Assignment = A word-for-word reproduction of the data below is needed, with no pictures in it.

Captioned web image data:

+--

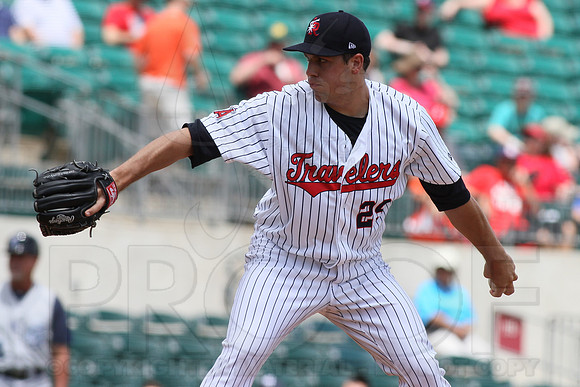 Corpus Christi Hooks @ Arkansas Travelers 6-2-13 (© Justin Manning) JWM0017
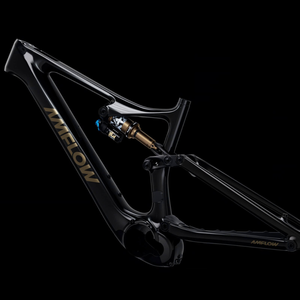 Amflow PL Carbon Pro 800Wh Bicicleta de montaña eléctrica de carbono de alta velocidad Bicicleta eléctrica híbrida para Senderos - Product Image 4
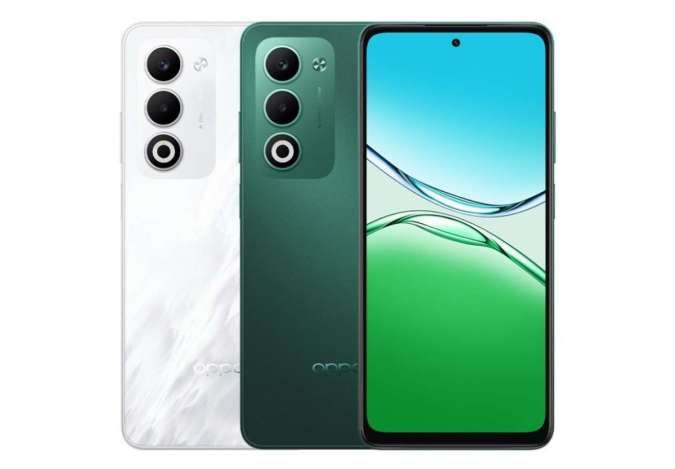 OPPO A5 5G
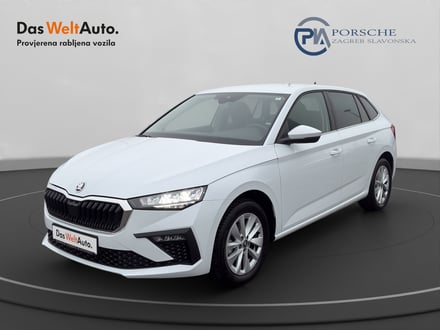 Škoda SCALA FL Selection 1.0 TSI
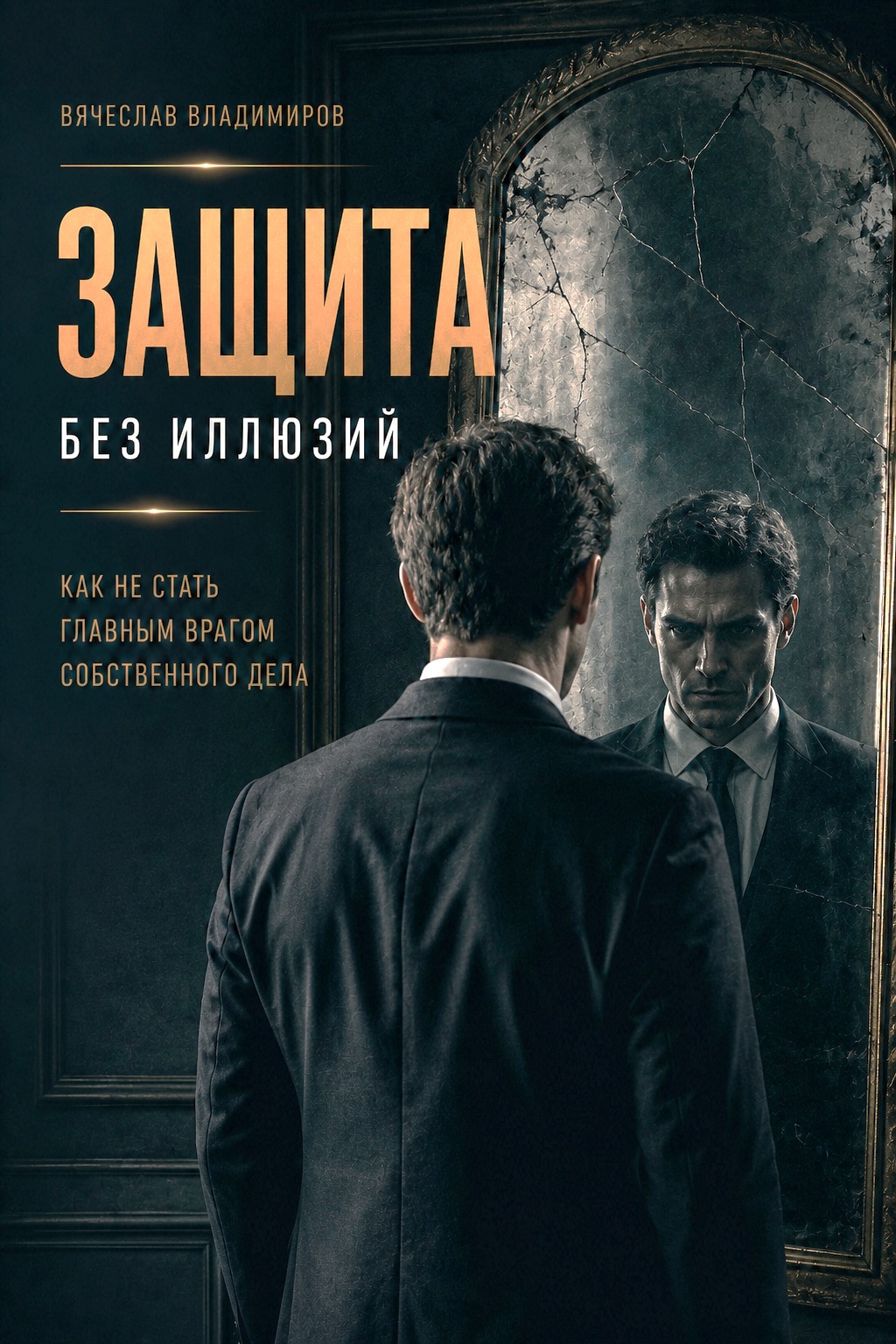 Обложка книги «Защита без иллюзий»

+--

Exercise solution =
 Corpus Christi Hooks @ Arkansas Travelers 6-2-13 (© Justin Manning) JWM0017
 Amflow PL Carbon Pro 800Wh Bicicleta de montaña eléctrica de carbono de alta velocidad Bicicleta eléctrica híbrida para Senderos - Product Image 4
 OPPO A5 5G
 Škoda SCALA FL Selection 1.0 TSI
 Обложка книги «Защита без иллюзий»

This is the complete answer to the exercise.